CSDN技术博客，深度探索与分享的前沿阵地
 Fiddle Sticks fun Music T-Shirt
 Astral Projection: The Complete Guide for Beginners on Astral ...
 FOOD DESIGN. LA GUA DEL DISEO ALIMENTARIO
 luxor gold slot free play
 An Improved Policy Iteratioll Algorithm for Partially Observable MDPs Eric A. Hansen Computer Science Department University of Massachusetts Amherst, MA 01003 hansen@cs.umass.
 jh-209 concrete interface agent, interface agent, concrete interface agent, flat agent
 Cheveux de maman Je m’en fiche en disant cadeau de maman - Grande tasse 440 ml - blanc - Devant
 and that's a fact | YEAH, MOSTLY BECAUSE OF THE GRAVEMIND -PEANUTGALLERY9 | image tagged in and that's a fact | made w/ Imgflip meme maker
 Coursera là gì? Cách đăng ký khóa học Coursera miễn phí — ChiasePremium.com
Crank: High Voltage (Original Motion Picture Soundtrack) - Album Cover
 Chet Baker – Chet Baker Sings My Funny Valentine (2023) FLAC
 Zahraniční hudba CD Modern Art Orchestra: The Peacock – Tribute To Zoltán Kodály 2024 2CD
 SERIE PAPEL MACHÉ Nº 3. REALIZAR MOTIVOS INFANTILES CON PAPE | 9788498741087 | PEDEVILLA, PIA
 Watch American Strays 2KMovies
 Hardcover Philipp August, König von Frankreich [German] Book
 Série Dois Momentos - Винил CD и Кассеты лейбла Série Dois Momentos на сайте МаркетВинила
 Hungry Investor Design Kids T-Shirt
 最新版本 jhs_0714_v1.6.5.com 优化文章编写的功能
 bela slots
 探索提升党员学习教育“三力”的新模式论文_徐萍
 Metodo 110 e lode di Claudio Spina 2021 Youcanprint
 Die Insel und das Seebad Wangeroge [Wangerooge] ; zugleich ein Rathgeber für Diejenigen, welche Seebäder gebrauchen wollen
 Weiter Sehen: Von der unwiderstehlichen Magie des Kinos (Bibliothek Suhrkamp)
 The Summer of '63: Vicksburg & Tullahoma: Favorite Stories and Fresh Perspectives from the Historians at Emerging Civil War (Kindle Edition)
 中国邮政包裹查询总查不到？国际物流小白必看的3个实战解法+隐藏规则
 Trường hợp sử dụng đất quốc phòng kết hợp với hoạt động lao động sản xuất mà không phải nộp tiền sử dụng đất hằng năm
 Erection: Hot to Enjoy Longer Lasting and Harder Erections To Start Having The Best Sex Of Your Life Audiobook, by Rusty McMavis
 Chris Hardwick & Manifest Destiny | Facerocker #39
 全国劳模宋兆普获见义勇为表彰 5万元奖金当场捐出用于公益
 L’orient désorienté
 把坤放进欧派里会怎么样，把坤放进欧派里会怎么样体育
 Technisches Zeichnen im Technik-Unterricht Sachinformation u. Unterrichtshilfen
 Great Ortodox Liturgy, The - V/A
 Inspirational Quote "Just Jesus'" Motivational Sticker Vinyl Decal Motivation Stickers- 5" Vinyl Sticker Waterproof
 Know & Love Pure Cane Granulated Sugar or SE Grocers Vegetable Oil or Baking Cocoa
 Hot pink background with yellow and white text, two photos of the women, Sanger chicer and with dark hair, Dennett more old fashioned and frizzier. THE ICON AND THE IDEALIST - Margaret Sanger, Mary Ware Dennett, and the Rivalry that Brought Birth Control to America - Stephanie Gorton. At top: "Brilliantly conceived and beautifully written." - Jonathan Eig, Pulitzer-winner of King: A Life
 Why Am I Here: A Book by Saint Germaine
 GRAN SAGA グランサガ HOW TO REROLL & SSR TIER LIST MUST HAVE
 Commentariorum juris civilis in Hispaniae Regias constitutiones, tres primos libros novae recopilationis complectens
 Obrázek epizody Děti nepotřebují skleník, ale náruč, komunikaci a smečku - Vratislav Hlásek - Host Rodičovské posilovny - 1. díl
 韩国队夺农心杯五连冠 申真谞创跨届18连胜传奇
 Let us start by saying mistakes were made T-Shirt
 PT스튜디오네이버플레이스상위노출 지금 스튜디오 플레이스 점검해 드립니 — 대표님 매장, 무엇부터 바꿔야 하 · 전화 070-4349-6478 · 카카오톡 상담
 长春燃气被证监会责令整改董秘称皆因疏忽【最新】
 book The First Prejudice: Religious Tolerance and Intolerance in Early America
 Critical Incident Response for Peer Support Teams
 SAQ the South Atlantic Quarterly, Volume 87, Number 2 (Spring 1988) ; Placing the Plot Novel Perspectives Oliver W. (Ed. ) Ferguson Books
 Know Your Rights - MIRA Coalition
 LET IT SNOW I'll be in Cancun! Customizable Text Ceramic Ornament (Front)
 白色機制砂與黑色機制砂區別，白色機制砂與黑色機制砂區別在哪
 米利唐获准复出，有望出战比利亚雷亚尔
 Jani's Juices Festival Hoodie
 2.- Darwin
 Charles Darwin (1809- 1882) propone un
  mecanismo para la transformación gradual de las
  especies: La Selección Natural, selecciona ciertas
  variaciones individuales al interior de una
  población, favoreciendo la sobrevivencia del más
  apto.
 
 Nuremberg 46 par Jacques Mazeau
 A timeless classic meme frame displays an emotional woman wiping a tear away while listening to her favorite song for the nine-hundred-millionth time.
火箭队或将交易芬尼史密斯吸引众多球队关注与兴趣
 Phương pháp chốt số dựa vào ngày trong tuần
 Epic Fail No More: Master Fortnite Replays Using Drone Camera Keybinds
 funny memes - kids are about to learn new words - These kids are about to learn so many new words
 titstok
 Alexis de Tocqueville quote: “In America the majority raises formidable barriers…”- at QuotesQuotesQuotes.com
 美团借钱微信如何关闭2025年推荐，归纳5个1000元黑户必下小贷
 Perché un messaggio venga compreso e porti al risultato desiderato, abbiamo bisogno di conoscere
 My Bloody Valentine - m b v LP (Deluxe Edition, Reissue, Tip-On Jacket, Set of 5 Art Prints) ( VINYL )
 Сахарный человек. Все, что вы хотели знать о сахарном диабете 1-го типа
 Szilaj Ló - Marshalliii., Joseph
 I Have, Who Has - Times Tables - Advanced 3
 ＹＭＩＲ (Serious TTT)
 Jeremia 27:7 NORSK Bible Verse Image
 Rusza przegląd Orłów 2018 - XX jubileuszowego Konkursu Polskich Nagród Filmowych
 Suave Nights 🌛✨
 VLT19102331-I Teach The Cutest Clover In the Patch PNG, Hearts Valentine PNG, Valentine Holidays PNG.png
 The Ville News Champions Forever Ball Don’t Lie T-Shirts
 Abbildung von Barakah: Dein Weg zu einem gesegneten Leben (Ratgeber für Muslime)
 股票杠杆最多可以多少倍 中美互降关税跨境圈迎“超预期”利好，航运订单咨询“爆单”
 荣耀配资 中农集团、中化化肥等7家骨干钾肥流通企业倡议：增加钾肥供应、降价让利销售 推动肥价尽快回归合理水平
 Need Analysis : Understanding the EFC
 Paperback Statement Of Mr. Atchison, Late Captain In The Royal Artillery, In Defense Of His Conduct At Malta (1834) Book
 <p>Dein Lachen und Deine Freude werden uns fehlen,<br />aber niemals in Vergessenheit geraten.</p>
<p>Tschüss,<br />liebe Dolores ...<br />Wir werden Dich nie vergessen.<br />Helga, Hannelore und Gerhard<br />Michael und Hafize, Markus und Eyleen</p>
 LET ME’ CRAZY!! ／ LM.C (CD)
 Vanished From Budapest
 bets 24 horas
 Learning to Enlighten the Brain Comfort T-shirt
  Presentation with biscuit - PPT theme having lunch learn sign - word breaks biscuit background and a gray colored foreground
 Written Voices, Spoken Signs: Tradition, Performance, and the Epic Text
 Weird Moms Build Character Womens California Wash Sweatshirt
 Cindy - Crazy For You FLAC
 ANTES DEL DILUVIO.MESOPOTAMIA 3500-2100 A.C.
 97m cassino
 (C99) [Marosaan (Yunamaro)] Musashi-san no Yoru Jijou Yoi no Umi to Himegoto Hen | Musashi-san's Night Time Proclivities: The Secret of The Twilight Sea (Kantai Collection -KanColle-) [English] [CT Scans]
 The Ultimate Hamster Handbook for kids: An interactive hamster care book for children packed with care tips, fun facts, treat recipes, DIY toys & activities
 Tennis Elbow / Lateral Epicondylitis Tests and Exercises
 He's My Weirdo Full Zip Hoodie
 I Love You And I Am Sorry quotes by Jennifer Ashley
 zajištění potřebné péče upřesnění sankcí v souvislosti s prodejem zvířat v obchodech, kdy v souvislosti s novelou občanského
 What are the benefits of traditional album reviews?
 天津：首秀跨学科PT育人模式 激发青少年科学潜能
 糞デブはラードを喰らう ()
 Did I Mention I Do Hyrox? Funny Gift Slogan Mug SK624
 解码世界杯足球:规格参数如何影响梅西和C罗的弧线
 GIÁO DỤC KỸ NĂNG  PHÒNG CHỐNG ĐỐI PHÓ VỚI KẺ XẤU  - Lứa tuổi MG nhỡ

# Task goal:
Every line from the one with "Learning to Enlighten" through the last line of the records above should be returned exactly, please, and no others.

# Task output:
 Learning to Enlighten the Brain Comfort T-shirt
  Presentation with biscuit - PPT theme having lunch learn sign - word breaks biscuit background and a gray colored foreground
 Written Voices, Spoken Signs: Tradition, Performance, and the Epic Text
 Weird Moms Build Character Womens California Wash Sweatshirt
 Cindy - Crazy For You FLAC
 ANTES DEL DILUVIO.MESOPOTAMIA 3500-2100 A.C.
 97m cassino
 (C99) [Marosaan (Yunamaro)] Musashi-san no Yoru Jijou Yoi no Umi to Himegoto Hen | Musashi-san's Night Time Proclivities: The Secret of The Twilight Sea (Kantai Collection -KanColle-) [English] [CT Scans]
 The Ultimate Hamster Handbook for kids: An interactive hamster care book for children packed with care tips, fun facts, treat recipes, DIY toys & activities
 Tennis Elbow / Lateral Epicondylitis Tests and Exercises
 He's My Weirdo Full Zip Hoodie
 I Love You And I Am Sorry quotes by Jennifer Ashley
 zajištění potřebné péče upřesnění sankcí v souvislosti s prodejem zvířat v obchodech, kdy v souvislosti s novelou občanského
 What are the benefits of traditional album reviews?
 天津：首秀跨学科PT育人模式 激发青少年科学潜能
 糞デブはラードを喰らう ()
 Did I Mention I Do Hyrox? Funny Gift Slogan Mug SK624
 解码世界杯足球:规格参数如何影响梅西和C罗的弧线
 GIÁO DỤC KỸ NĂNG  PHÒNG CHỐNG ĐỐI PHÓ VỚI KẺ XẤU  - Lứa tuổi MG nhỡ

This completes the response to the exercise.